→ Extracted material
####################
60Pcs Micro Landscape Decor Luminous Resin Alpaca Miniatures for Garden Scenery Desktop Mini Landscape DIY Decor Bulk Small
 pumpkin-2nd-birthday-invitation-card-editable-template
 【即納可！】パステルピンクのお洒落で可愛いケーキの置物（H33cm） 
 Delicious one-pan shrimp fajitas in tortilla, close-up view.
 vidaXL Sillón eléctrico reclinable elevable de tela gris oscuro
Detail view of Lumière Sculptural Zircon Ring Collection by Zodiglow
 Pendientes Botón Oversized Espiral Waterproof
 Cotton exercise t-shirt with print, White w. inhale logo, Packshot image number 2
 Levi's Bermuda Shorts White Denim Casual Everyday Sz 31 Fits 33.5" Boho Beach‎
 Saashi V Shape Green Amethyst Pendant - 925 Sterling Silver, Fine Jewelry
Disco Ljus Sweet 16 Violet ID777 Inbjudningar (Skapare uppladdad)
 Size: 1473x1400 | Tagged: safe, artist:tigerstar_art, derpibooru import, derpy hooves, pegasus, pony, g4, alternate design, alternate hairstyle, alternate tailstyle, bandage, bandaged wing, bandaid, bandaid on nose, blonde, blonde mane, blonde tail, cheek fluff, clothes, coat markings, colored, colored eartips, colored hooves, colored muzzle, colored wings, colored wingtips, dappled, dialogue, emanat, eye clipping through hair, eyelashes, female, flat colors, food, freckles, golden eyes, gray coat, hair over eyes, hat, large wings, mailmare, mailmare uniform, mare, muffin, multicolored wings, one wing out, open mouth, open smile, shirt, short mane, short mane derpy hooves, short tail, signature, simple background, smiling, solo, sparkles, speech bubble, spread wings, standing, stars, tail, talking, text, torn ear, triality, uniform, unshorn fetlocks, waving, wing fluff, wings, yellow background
####################
→ Task description
Scan the entries above and copy each line where "White" occurs.

→ Task solution
 Cotton exercise t-shirt with print, White w. inhale logo, Packshot image number 2
 Levi's Bermuda Shorts White Denim Casual Everyday Sz 31 Fits 33.5" Boho Beach‎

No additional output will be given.